Tests show teens' ability to use common sense, solve problems and use moral reasoning are about as common as those of legal adults, with about the same percentage of teens having maturity potential as that of legal adults. The only significant difference between teens and legal adults is in tasks that require years of extensive training.

The author concludes that the widespread immaturity of teens we currently see is the result of restrictions that prohibit them from adulthood responsibilities and rights. To buttress his case, he also points to many examples of ostensibly immature teens immediately acting with great maturity and responsibility when some emergency or tragedy demanded it. In other words, even in our current society, many teens can rise to the occasion when necessary.

He points out that many teens are ready to take on adult responsibilities and rights, as well as desiring to control their own lives, but are prohibited simply by being part of the general category of "minor." So they assert what control over their own lives they can by rebelling, participating in risky behavior or doing a form of dropping out by developing their own peer driven teen culture.

The solution, the author suggests, is to allow a teen to have rights and responsibilities when they can demonstrate competence. Thus, if a thirteen year old can demonstrate the capability and maturity to handle the responsibility of driving a car, that that teen should be allowed to get a driver's license, instead of the current situation of assuming that no thirteen year old is competent in that area. The same would hold true with marriage. If a teen can demonstrate he or she knows what they are getting into and can show they are as competent as adults in making a wise decision and shouldering that responsibility, it should be allowed. He makes similar suggestions in a number of other areas. In other words, get away from labeling all teens as incompetent and totally dependent, and treat them as individuals.

He makes the comparison with senior citizens. Not too long ago, people aged 65 and older were labeled as losing their ability to contribute to society and were almost universally forced to retire from work and were sidelined. Society since has changed its attitude and senior citizens are now accepted as contributing adults so long as they can demonstrate competency. The author is suggesting a similar change in attitude toward youth, that is allowing rights and responsibilities as young people demonstrate their competency.

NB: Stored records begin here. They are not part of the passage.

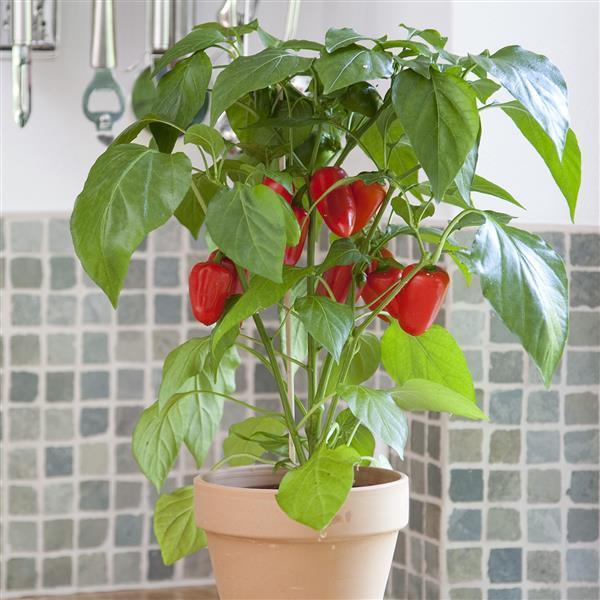 Capsicum annuum 'Snack Red' (Snack Red Capsicum)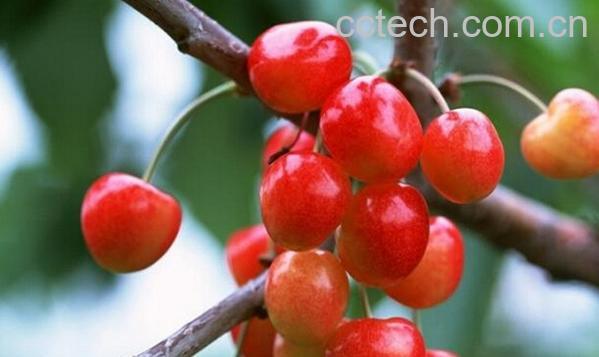 果蔬百科樱桃跟车厘子的区别-0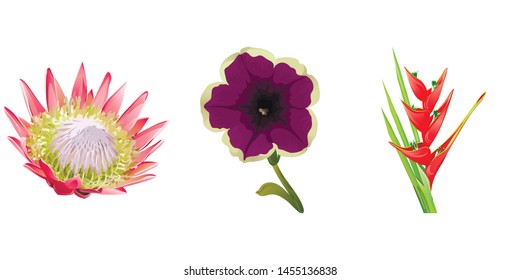 Pink Protea. Violet Petunia. Red Heliconia Bihai. Vector illustration. 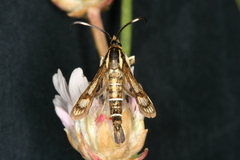Pyropteron maroccana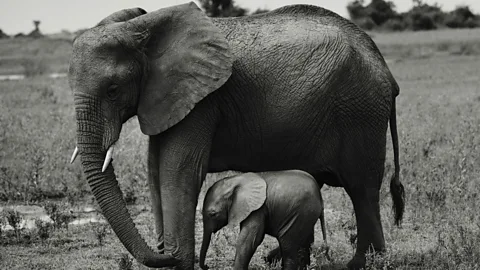 Felix Odell Marcia DeSanctis: “My mother was everywhere… Mostly, I saw her in all the protective female monkeys, zebras and elephants who kept their babies close” (Credit: Felix Odell)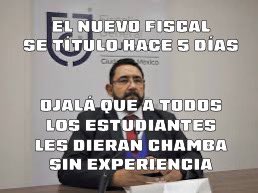 wadelacruz's tweet photo. PREGUNTA; ¿QUE, NINGÚN MORENISTA ESTÁ TITULADO LEGALMENTE?

Ahora el fiscal presenta un titulo como Lic. en Derecho (requisito para ser fiscal) con fecha de 2024

O ¿sea se tituló en estos 10 de  días de enero?

HA DE TENER UN CHINGO DE EXPERIENCIA

PURO ANIMAL EN MORENA https://t.co/fQlkbFhrHh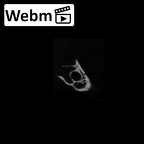 SK 847n Homo cranial fragment ct stack movie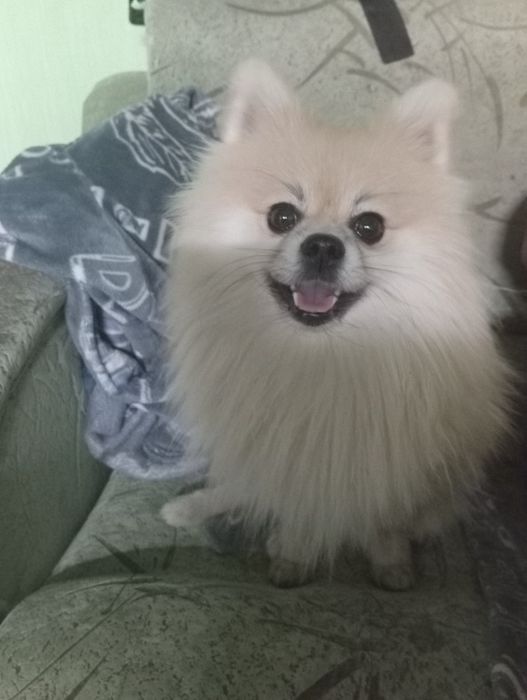 Мальчик померанец ищет подружку для случки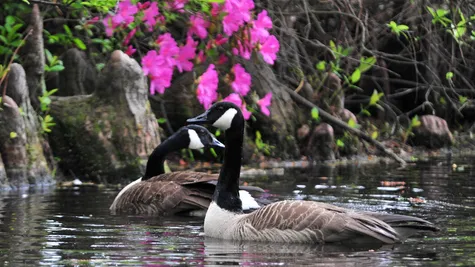 P_CAE_Sumter_Sumter Gardens2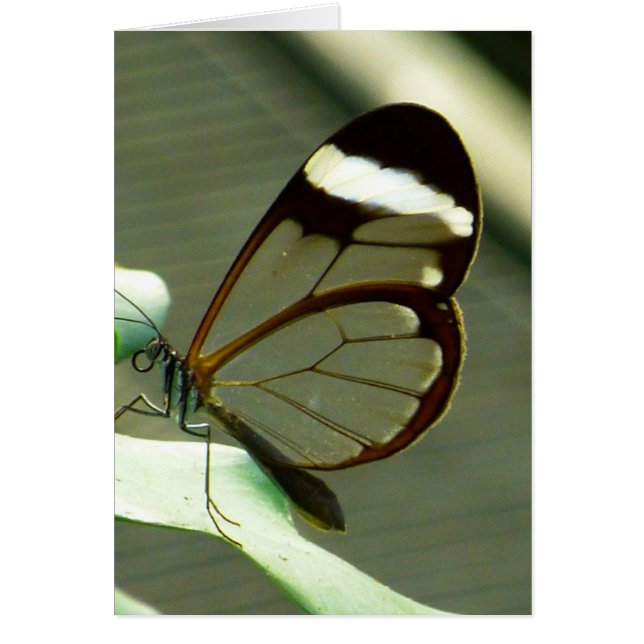Marrón sorprendente y mariposa translúcida (Frente)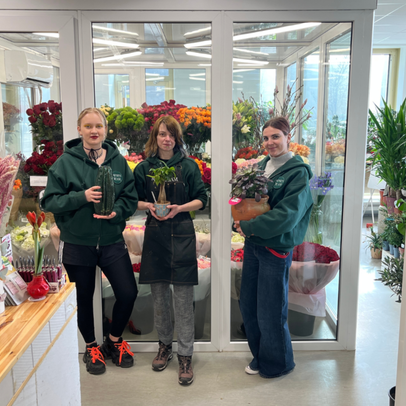 Kukkakaupan työntekijät esittelevät kukkia.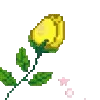 🌼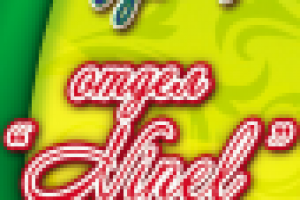 РЕЖИМ РАБОТЫ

He thinks that could go a long way to reduce teen rebellion, teen crime, unwanted pregnancies and all the rest of the problems that we consider are part of the teen world. His assessment of the problem and suggestions for possible solutions are radical and fly in the face of numerous deeply held assumptions about young people and what they need. However, re-exploring our basic assumptions about the stage of life called adolescence might be very helpful. Who knows what might be discovered if we really question and debate our current attitudes and laws!